Picture credit – the Health and Social care board
Northern Ireland’s community pharmacy sector is suffering an estimated shortfall of £20 million. With the collapse of the NI assembly and no health minister, there is no end in sight in this funding crisis, and continued cuts to rural support mean critical pharmacies like Siobhan McNulty’s (pictured, left) are being forced to reduce their opening hours and risk closure. Emma Rosser investigates
Siobhan McNulty, Melvin Pharmacy, Garrison, Fermanagh, Northern Ireland
‘The pharmacy is in Garrison in Fermanagh, Northern Ireland. It’s a very small rural village, but it takes in a large geographical region. The next closest pharmacy is six miles in one direction, twelve miles in another, and twelve miles in another. It’s very remote and according to the Northern Ireland Statistics and Research Agency (NISRA), we are the worst ranked area in Northern Ireland in terms of proximity to health services.
‘We don’t have a GP surgery in the village, so a lot of the patients really do count on us. I’ve done CPR outside the pharmacy, we’ve had to go to road traffic accidents, administer epipens and done a lot of life-saving interventions.’
Rural access fund cuts
‘We have already lost £10,000 a year from the rural access fund, which helps pharmacies in rural locations. In order to claw that back, we have reduced our opening hours. I had to apply to the Department of Health (DOH) and they initially turned us down and said it would mean that patients would not have proper access to care and would put undue pressure on the out of hours system. Eventually they allowed it.
‘We introduced our new opening hours a couple of weeks ago. Previously on a Saturday we were open from 9.30am until 6pm, and on Saturday 5 May, we opened 10am to 3pm. I received 10 phone calls over the weekend – people were ringing me and saying they didn’t have their tablets. I had to go back into the pharmacy ten times for people that needed healthcare advice.
‘That doesn’t include the people who sent me Whatsapp messages and private Facebook messages to get advice over the bank holiday weekend. I don’t have it in me to not help people, so eventually I had to put my mobile number on our Facebook Twitter pages so that people could contract me if they needed – so that nobody was left stranded.

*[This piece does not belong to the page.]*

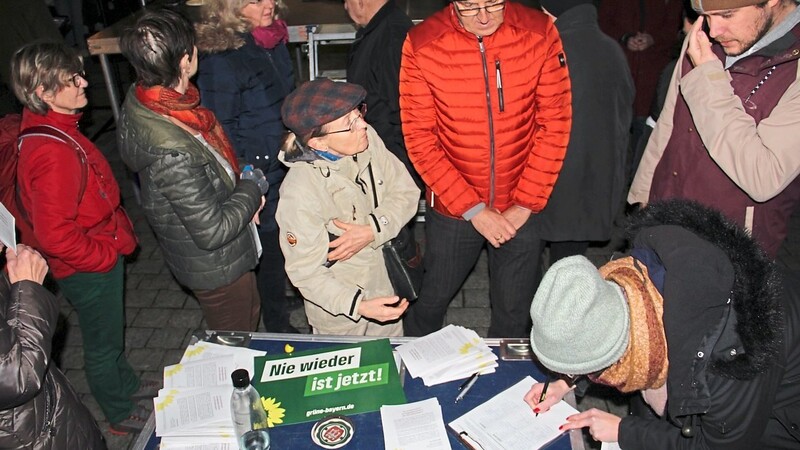 Ein großer Teil der Teilnehmer an der Anti-Rechts-Demo in Deggendorf sprach sich per Unterschrift gegen den Aschermittwochs-Treff der AfD in Osterhofen aus.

‘Those are the people who would have been presenting in the out of hours service, had I not have stepped in, so the Department is correct, reducing our hours will have a negative effect. But based on all the cuts to funding I can’t afford to keep a locum and a member of staff there for those extra hours. The effect is being seen already. And then we got a letter saying the rest of the rural fund was to go.’
‘It’s at breaking point’
‘I don’t know if it’s going to be feasible for us to remain open, because the amount of money that they are talking about [cutting] is so large. We were struggling with the rural access fund, so to lose it in its entirety with all the other cuts that have been introduced would be catastrophic.
‘The Cost of Service Inquiry (COSI) report from PriceWaterhouseCoopers estimates a £20 million funding shortfall in community pharmacy. It’s at breaking point. There are literally no more cuts they can introduce that can be sustained by community pharmacy. We’re probably one of the smallest pharmacies in Northern Ireland, but also one of the most crucial given the access that people have in the area.
‘I have made our position known to the DOH and the Health and Social Care Board (HSCB). I know that the HSCB has asked us to pick up more services, like blood pressure monitoring, with the possibility of more funding, which we’re absolutely more than happy to do, but it’s a question of how quickly they can implement the funding.
‘I have no desire to close my business. This is my only pharmacy, I am from the area, I know all my patients and I want to be able to tend to them. But it’s now reached the point that if I continue as I am, it’s going to be detrimental to my health because I’m working for next to nothing. I don’t take any pleasure in fighting with the DOH or the HSCB, I just want fair and proper remuneration for my job.’